Dalam kegelapan gua yang sunyi hanya senyap-senyap suara aliran air terdengar. Sebuah headlamp atau senter kepala yang digunakan Arif sesekali meneropong suasana dalam gua.
Saya memperhatikan bebatuan sekitar. Ada batu berwarna putih susu. Paling menyolok di antara batu lainnya yang terendam air di tepi sungai.
Warna dan pemukaannya licin mirip juga batu tawas. Saya mencoba menariknya ke atas tapi batu itu tak bergeming.

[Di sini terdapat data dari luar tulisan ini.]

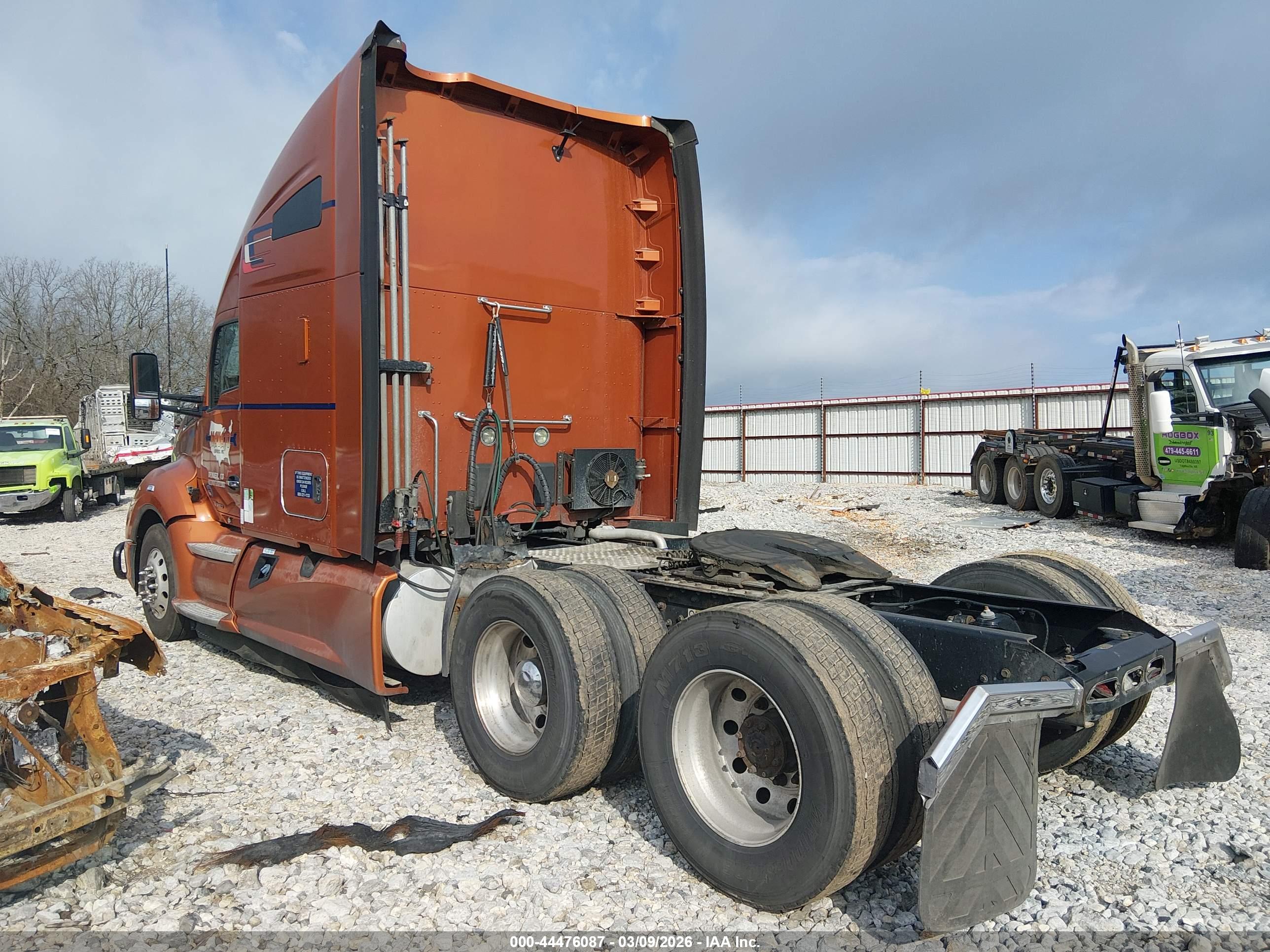 KENWORTH T680 image 3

Ada lagi batu yang serupa di dekatnya, saya coba tarik tapi tak juga bergerak. Sepertinya batu putih itu melekat dengan bebatuan di lantai sungai.
Beberapa menit kemudian, kilatan lampu muncul dari seberang gua. Pak Amir rupanya sudah kembali bersama Eki dan Imran.
Terowongan Kembar
Kami pun kembali menuju arah mulut gua. Tiba di depan dua terowongan gua tadi, Imran melintas ke seberang lagi.
Ternyata dia mengecek sebuah lorong dalam gua. Saya pikir tidak ada lorong gua disitu karena ruangan gua di sekitar dua terowongan tadi begitu gelap.
Imran kemudian mengajak kami menyeberang dan masuk ke lorong gua tersebut. Sepertinya seluk beluk dalam gua Makkaraowe ini sudah lama diketahui Imran.
Di mulut lorong gua itu terdapat beberapa batang pohon berukuran besar yang menutup sebagian ruang masuk ke dalam gua.